Let $C_{p,q}$ be the image in $T$ of the straight-line path from $(0,0)$ to $(p,q)$ in the universal cover. If $p,q$ are coprime, then the image in $T$ is a simple closed curve. Therefore, for unoriented simple closed curves, the invariant is in $\{\pm (p,q)\in\pm\pi_1(T):\gcd(p,q)=1\}$, and every such invariant value is obtainable from some simple closed curve. By using the map $\pm(p,q)\mapsto p/q$, with $1/0=\infty$, we can write this invariant of isotopy classes of unoriented non-separating simple closed curves, the slope, as an element of $\mathbb{Q}\cup\{\infty\}$.

Now, why is this a complete invariant? Take a non-separating simple closed curves $C$ in $T$. We may as well take a self-homeomorphism of $T$ so that without loss of generality we may assume $C$ has a slope of $1/0$. We will show that $C$ is isotopic to $C_{1,0}$. By a standard appeal to transversality, we may assume $C$ intersects $C_{1,0}$ transversely at finitely many points, since it is isotopic to one that does.

We're going to show that $C$ is isotopic to a curve that does not intersect $C_{1,0}$. In $T-C_{1,0}$, $C-C_{1,0}$ is a collection of loops and arcs. If there are any loops, then there are no arcs and hence no intersection, so consider the case of no loops. Arcs come in two varieties: those that go from one side of $C_{1,0}$ to the other ("through-arcs") and those that go from one side of $C_{1,0}$ to the same side ("back-arcs"). Consider the regions of $T-(C\cup C_{1,0})$. If there is a back-arc, then there is a disk region bounded only by that back-arc and an arc from $C_{1,0}$, by taking an "inner-most" back-arc according to some partial order. Use this disk to isotope $C$ to remove two points of intersection. By induction, there are no back-arcs and only through-arcs. If there were only through-arcs, though, then the slope of $C$ couldn't be $1/0$, but instead $a/b$ where $b$ is the number of through-arcs.

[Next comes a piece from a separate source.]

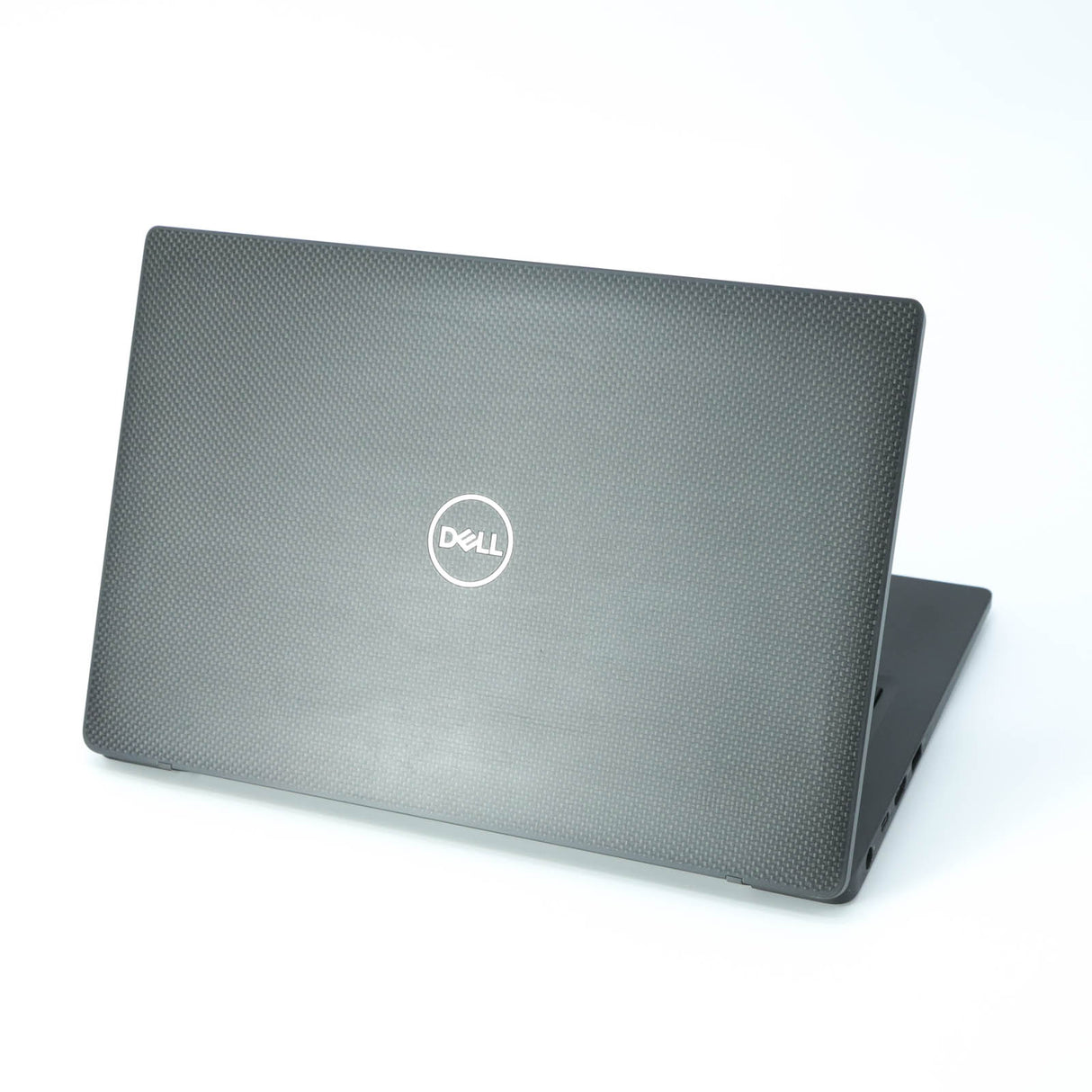 Dell Latitude 7400 Laptop: Core i7-8665U 16GB RAM 512GB SSD Warranty VAT - GreenGreenStore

Thus, $C$ is isotopic to a loop in the annulus $T-C_{1,0}$, and by the theory of isotopy classes of separating simple closed curves in an annulus, $C$ is isotopic to the core circle, and therefore to $C_{1,0}$.

Answer 5

$\bullet$ Suppose $(p,q)$ is a simple torus curve. There exists a closed curve $(a,b)$ that intersects $(p,q)$ exactly once. Therefore, $|ap-bq|=1$ (see here), which shows that $pb-qa=\pm 1$, so $\gcd(p,q)=1$.

$\bullet$ Suppose that $\gcd(p,q)=1$. We know that the fundamental group of the Torus is generated by $[\nu]$ and $[\mu]$, where $\mu$ is the $(1,0)$-curve and $\nu $ is the $(0,1)$-curve (we consider them as loops based at the origin). The element $p[\mu]+q[\nu]$ is an element of the fundamental group and it is primitive (due to the fact that $\gcd(p,q)=1$). $[(p,q)]\in\pi_1(T)$ is not a multiple of any elements. Therefore, the $(p,q)$-curve cannot intersect itself. It follows that the $(p,q)$-curve must be a simple curve.

Now, it is clear that there is a bijection between the set of simple closed curves on the Torus and $\mathbb{Q}\cup\{\infty\}$.